Exercise objective: Retype the whole listing below precisely.

Dataset excerpt:
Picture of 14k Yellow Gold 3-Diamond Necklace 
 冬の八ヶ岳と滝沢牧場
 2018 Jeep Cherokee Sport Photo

Completed exercise:
Picture of 14k Yellow Gold 3-Diamond Necklace 
 冬の八ヶ岳と滝沢牧場
 2018 Jeep Cherokee Sport Photo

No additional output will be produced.